To read the first part, click here:
Common Sense
A very incomplete list of things that are true
Going to war ought to require approval of Congress and significant consensus, both at home and abroad, as well as a good reason and a plan for success.
You should not target and kill civilians, especially children. Letting the A.I. do it for you is not an acceptable excuse.
Nobody should wage war in such a way that makes water inaccessible or air unsafe to breathe for millions of people.
U.S. military spending needs to be justified and accounted for.
The federal budget needs to be taken seriously: we need to consider the impact of spending decisions on real people, how spending in one area will weigh against spending in other areas, and where the revenue is going to come from.
People who run, use, fund, hide, protect or otherwise enable child se**al assault operations or other human trafficking operations should go to jail.
All power is granted by the people. It is limited and conditional and should not be abused for personal or political gain.
Neither government funding nor federal jobs should be allocated according to people’s political affiliations.
The law ought to apply the same way to everyone, rich or poor, in government or out. People tasked with enforcing the law must obey the law.
Everybody needs to obey the Constitution.
People should not be harassed, detained, surveilled, or shot for exercising their Constitutional rights.
Our government needs functional balance of power, and that means Congress must not cede authority to the President and we need to reform the Supreme Court.
Our economic system exists to serve the needs of people. It ought to operate such that everybody benefits from it.
Workers should be taking home a larger share of the wealth that they create.
Nobody working full-time should be unable to pay for things they need to survive like housing, health care and food.
We should prioritize the production of real-world goods and services for people over the creation of instruments for speculation and wealth extraction that accelerate inequality and put the entire economy at risk.
There should be limits to how much wealth a single person or entity can accumulate. If you have enough to escape accountability in the form of economic competition or the rule of law, you have too much.
People with excess wealth should not have more influence on policy or elections than people who do not have excess wealth.
No one person or company should own enough of the media to control significant portions of public opinion.
No one person should ever be in the position to deprive a country of satellite access or other critical technology, especially in times of war.
No company should be “too big to fail.”
We should not be forced to adopt new technology that may be dangerous to us as individuals and as a species.

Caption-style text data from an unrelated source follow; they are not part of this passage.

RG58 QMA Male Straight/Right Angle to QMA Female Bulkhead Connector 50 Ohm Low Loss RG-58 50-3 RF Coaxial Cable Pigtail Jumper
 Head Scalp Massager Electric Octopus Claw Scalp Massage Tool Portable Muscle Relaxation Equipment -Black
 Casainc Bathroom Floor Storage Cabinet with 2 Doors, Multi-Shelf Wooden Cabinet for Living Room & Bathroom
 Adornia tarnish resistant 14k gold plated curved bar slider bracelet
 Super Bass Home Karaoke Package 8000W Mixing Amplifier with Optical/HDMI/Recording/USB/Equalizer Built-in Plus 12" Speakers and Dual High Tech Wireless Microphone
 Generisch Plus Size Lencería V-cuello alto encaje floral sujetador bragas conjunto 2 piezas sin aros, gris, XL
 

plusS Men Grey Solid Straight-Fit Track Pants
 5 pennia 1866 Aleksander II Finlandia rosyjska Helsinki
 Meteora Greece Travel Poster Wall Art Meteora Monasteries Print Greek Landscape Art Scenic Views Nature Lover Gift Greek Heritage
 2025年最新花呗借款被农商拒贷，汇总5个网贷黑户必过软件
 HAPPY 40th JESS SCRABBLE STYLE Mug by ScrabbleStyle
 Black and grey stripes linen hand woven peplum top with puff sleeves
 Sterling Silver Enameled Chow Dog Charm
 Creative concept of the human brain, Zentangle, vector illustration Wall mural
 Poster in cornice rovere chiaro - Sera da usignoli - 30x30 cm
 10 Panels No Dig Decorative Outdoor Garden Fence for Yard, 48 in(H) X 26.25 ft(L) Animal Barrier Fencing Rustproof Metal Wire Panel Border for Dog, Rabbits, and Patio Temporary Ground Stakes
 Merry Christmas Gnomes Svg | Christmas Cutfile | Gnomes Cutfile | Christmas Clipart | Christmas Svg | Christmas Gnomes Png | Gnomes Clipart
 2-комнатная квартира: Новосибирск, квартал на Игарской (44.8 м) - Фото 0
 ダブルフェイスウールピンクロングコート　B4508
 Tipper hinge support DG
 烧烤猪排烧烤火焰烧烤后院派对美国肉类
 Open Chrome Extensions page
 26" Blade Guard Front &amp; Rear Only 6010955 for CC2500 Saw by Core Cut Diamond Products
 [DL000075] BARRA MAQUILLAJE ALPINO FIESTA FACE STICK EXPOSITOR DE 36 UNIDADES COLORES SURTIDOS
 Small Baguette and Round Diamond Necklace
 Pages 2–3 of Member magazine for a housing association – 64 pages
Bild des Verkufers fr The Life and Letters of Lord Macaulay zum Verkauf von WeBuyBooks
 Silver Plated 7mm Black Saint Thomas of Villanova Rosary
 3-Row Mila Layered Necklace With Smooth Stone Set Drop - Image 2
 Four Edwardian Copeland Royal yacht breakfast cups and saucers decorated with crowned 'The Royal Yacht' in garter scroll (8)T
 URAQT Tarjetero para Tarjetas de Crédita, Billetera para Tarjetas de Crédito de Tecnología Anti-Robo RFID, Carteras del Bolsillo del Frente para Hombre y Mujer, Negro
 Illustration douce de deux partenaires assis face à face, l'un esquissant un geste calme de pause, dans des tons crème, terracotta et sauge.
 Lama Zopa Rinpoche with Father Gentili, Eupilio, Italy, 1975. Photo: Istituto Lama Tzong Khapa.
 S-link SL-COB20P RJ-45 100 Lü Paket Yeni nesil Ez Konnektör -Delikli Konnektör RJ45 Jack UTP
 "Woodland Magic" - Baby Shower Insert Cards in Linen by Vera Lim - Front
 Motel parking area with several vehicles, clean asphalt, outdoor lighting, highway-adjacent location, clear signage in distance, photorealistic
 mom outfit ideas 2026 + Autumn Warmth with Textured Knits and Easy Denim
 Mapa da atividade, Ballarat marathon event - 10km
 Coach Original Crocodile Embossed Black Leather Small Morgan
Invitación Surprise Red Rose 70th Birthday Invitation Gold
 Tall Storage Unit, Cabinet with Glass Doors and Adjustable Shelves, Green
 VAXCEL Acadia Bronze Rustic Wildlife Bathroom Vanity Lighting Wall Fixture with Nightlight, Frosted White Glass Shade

We should not accelerate the adoption of new technology the purpose of which is to replace workers without seriously considering the consequences to workers.
The right of anybody to make a profit is less important than the need to prevent the destabilization of our climate to the extent that it poses a significant risk to human life.
We should be making money by preventing the further destabilization of our climate, instead of having to pay for the damage at an unfathomable and escalating cost in both money and lives.
Government is the tool a society uses to make and carry out group decisions. We ought to be able to use our government to carry out plain old common sense.
The whole public debate is operating within some kind of gaslighting bubble and the only way out is to call it like it is.
Thank you so much for reading this. I hope it is of use to you in your work and activism!